Separate bank accounts
Financial records can quickly get muddled when you use business money for personal expenses and vice-versa. This is a particular problem for sole proprietors. They earn all the money, so all the money is the same, right? Wrong. To the IRS, all money is not the same, and without clear records of business expenses, you can face a lot of headaches when it comes to completing your tax forms.
By having a separate business banking account, you’ll have a solid record of expenses incurred, the type/category of expenses and a view of overall cash flow. Not only will this make it easier come tax time, it will also provide you with a blueprint to see what’s happening in your company at the dollars-and-cents level.
Pay close attention to payroll
If you have employees, payroll is likely one of your biggest expenditures. It’s very important to make sure that all aspects of payroll accounting such as wages, benefits, overtime and other costs are accurate and up to date. Good payroll accounting practices will help you efficiently track expenses, plus the IRS will appreciate it.
Consider professional help
Owners of small businesses have a lot of theories about what it takes to be successful. Sometimes one of those theories is, “It’s better to do my own taxes and accounting and save a few bucks.” This theory can work, but it can also backfire.
Business taxes are quite different from personal taxes.
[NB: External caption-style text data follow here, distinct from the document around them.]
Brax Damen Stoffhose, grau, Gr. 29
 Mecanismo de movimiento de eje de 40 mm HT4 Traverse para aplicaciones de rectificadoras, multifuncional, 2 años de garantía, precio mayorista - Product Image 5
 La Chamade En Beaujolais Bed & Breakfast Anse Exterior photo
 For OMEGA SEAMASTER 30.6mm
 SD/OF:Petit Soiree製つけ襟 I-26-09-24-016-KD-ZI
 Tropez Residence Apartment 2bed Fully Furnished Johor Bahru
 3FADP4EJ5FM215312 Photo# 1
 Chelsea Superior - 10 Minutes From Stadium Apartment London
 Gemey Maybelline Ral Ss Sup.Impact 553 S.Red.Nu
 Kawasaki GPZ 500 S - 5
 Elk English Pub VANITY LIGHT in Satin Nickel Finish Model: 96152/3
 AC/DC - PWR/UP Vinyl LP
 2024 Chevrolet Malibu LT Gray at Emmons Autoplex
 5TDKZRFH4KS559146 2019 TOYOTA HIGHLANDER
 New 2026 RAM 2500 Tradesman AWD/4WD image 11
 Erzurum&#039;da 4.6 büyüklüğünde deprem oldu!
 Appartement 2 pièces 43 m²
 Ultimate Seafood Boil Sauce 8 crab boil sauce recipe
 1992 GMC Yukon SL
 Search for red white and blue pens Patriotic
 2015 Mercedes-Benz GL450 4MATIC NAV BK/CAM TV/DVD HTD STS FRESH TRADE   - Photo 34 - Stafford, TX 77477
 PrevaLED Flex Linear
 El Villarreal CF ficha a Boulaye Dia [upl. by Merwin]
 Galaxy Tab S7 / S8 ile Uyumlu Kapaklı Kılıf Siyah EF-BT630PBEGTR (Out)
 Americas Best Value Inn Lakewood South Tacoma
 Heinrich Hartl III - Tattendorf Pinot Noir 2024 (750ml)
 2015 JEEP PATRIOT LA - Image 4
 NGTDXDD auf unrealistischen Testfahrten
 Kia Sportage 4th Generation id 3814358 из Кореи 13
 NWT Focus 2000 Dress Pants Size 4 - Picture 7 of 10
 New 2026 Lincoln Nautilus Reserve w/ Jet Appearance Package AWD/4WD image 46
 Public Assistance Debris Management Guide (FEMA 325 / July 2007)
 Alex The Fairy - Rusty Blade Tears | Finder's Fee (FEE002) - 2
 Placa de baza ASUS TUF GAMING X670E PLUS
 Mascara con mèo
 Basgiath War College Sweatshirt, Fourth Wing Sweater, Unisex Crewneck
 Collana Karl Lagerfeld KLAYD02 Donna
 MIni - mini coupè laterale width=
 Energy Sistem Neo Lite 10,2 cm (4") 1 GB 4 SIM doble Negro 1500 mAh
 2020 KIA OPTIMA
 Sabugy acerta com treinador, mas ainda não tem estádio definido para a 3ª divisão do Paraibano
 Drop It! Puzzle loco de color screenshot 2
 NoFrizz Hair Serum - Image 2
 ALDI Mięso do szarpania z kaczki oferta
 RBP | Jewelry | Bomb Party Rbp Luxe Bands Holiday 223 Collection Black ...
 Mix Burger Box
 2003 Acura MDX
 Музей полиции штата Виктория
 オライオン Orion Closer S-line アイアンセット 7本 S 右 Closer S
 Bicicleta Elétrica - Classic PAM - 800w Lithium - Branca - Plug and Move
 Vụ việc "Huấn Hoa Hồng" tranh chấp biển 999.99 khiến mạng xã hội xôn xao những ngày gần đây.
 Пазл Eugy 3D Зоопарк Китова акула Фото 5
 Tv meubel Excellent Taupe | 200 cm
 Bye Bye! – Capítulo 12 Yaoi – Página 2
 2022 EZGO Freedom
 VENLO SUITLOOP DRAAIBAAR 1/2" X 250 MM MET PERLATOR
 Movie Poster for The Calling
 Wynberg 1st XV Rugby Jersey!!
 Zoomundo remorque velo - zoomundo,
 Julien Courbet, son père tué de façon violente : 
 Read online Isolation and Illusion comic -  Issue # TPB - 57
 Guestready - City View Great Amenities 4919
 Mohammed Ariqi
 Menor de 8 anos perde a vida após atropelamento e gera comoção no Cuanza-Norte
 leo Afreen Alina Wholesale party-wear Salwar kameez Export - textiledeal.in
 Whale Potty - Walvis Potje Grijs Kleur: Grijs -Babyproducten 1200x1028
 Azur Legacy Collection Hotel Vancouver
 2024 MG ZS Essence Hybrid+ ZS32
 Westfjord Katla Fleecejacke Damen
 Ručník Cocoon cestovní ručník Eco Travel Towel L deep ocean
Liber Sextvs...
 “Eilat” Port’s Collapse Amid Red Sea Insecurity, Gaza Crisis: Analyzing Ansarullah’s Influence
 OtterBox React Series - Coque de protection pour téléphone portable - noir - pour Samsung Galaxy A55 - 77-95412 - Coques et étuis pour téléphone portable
If you’ve been in the work world for years as an employee, you may have worked through your share of 1040 forms. As a business owner, you’ll be responsible for other forms, such as a Schedule C, which shows self-employment income and expense. If you have employees, another form will be required. Depending on how you do business, you may find that you need a multitude of potentially confusing forms.
In the long run, a good accountant can save money for a small business. He or she knows the most current tax laws and will be experienced in keeping the tax responsibility as low as legally possible. Plus, a professional accountant will save business owners the time and hassle of bookkeeping, payroll, & financial report preparation, all of which require a great deal of attention and planning.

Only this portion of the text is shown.